Facts: The plaintiff sold a number of tyres to Dew and Co. with an agreement that Dew and Co.
will not resell below a fixed price. However, Dew and Co. sold the tyres to Selfridge with
agreement to observe the above restrictions and to pay to Dunlop 5 Pounds for each tyre sold at a
price lower than the fixed price. But, Selfridge sold those tyres below that fixed price. The
plaintiff brought an action against Selfridge but the claim of the plaintiff was rejected as he was a
stranger to the contract between Dew and Co. and Selfridge. Only a party to a contract can claim
upon it. Secondly, Dunlop had not given any consideration to Selfridge and therefore there could
be no binding contract between the parties. UK follows privity of consideration. Only parties
who give each other consideration can claim consideration.

There is no provision in the Indian Law either for or against the privity rule.
However, in the case of Khwaja Muhammad v Hussaini Begum (1910), the privy council did
not follow the English law of Privity of contract.

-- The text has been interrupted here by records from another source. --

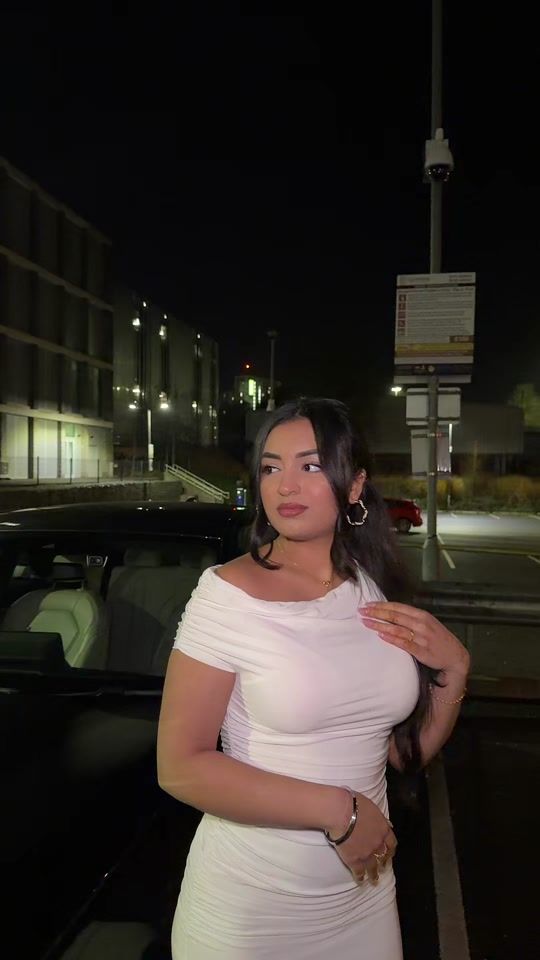 TikTok video thumbnail by hammu.xs
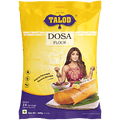 Talod Dosa Flour 500 g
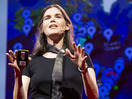 Daphne Koller: What we're learning from online education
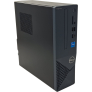 Dell OptiPlex 3000 i5-12500 3.0GHz 512GB NVMe 16GB DDR4 SFF 1 YR Warranty PC 1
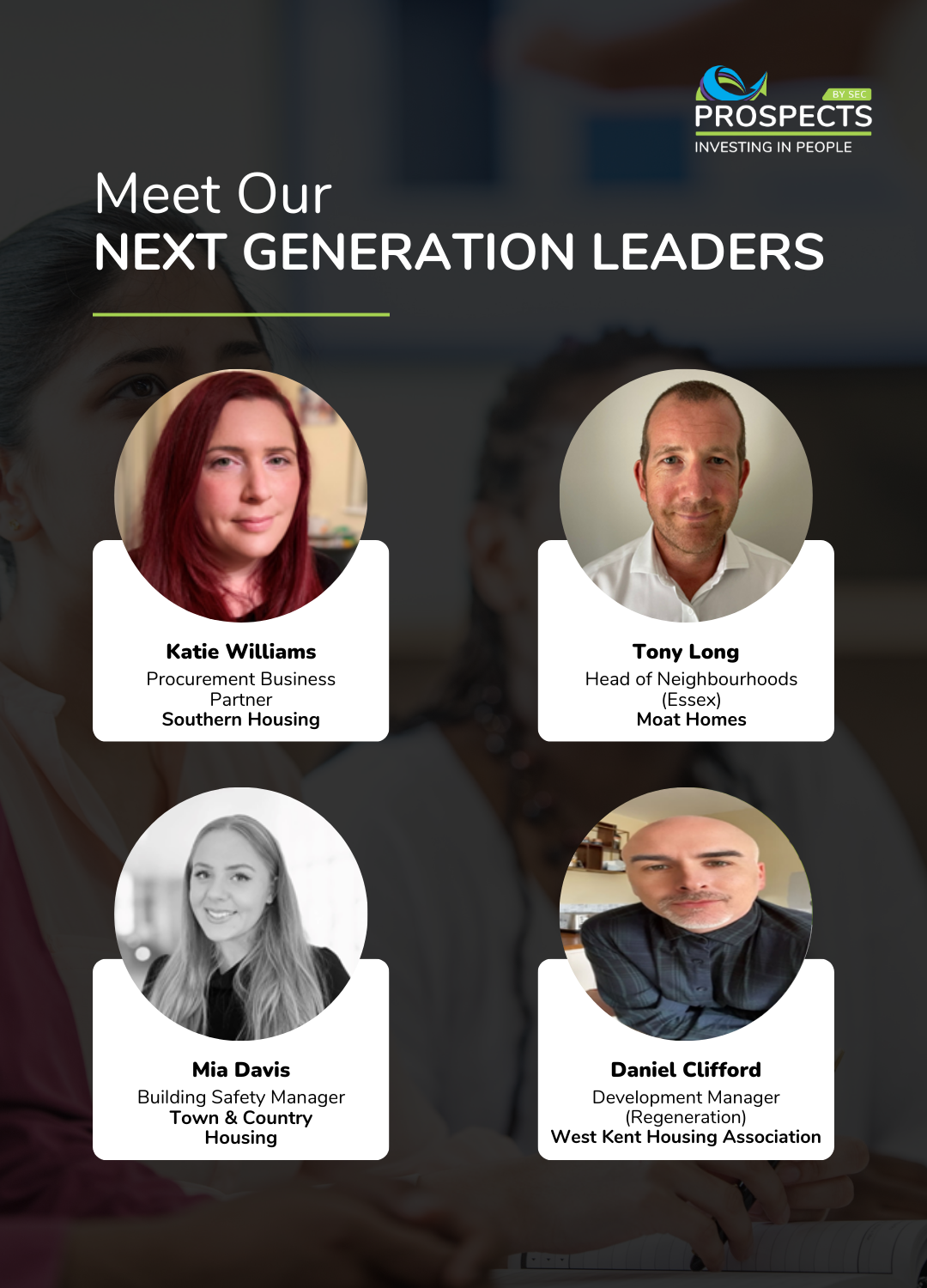 Next Gen Leaders C5 1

It was held that there is nothing in the Indian
Contract Act which prevents recognition of the right of a third party to enforce a contract made
by others, which contains a provision for his benefit.
Facts: Khwaja Muhammad Khan (defendant) entered into a contract on 25th October 1877 with
the father of Husaini Begum (plaintiff) for the marriage of his son Rustam Ali and the plaintiff.

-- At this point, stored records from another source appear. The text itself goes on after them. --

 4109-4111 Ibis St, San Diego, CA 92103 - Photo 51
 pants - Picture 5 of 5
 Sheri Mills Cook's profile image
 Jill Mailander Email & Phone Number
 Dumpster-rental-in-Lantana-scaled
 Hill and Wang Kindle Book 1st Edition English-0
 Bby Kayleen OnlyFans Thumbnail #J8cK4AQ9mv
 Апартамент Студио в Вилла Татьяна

The contract expressed that after the marriage, the defendant would pay rupees 500 per month on
perpetuity basis as kharch-i-padan, out of specific properties mentioned in the contract. The
marriage took place on 2nd November 1877 however both Rustam Ali and Husaini Begum
(plaintiff) were minors due to which plaintiff was welcomed in her matrimonial home in 1883
and the couple lived together till 1893 after which due to various differences plaintiff left her
matrimonial home and started residing at her pre-nuptial home. The defendant (Khwaja)

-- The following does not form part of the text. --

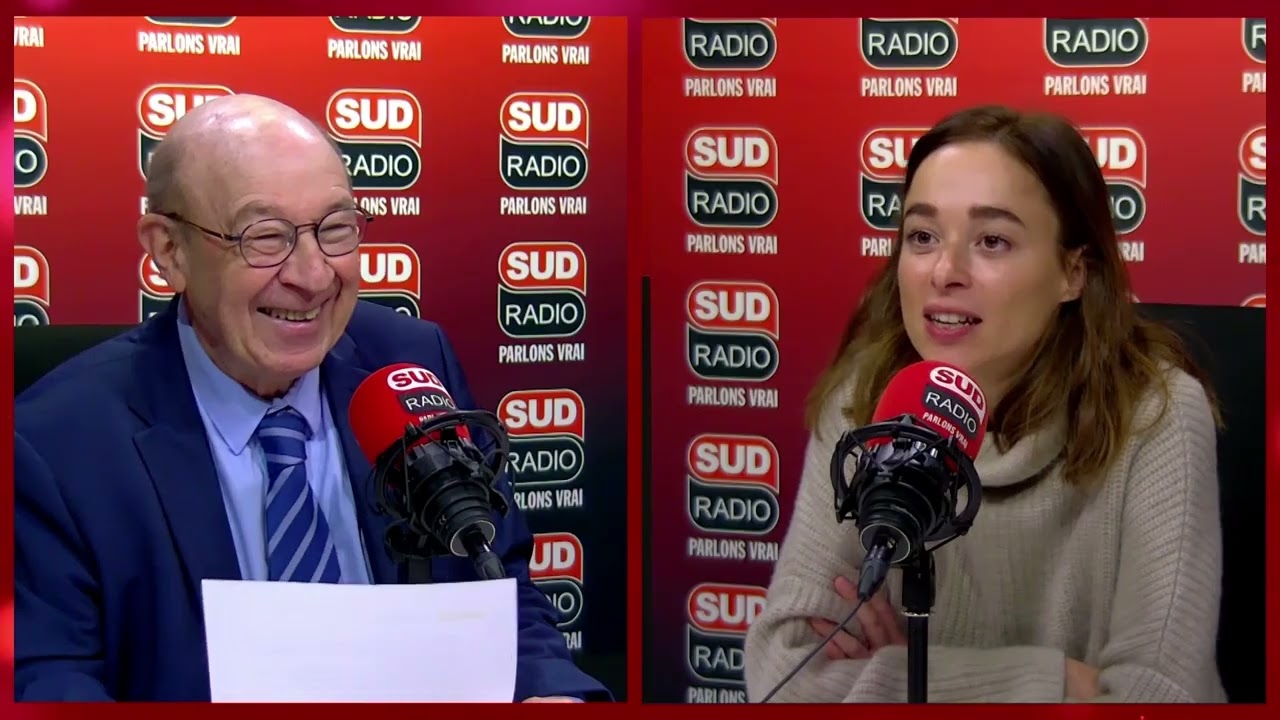 Les clefs d'une vie - Léa Simone Allegria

discontinued the payment of rupees 500 as agreed earlier. The suit was brought by the wife.
Held: It was held that even though she was no party to the contract still she was entitled in equity
to proceed the claim. She became a ‘third person’ in the contract and she gained the status of
beneficiary. She eventually attained the right to sue the appellant and recover the costs from him.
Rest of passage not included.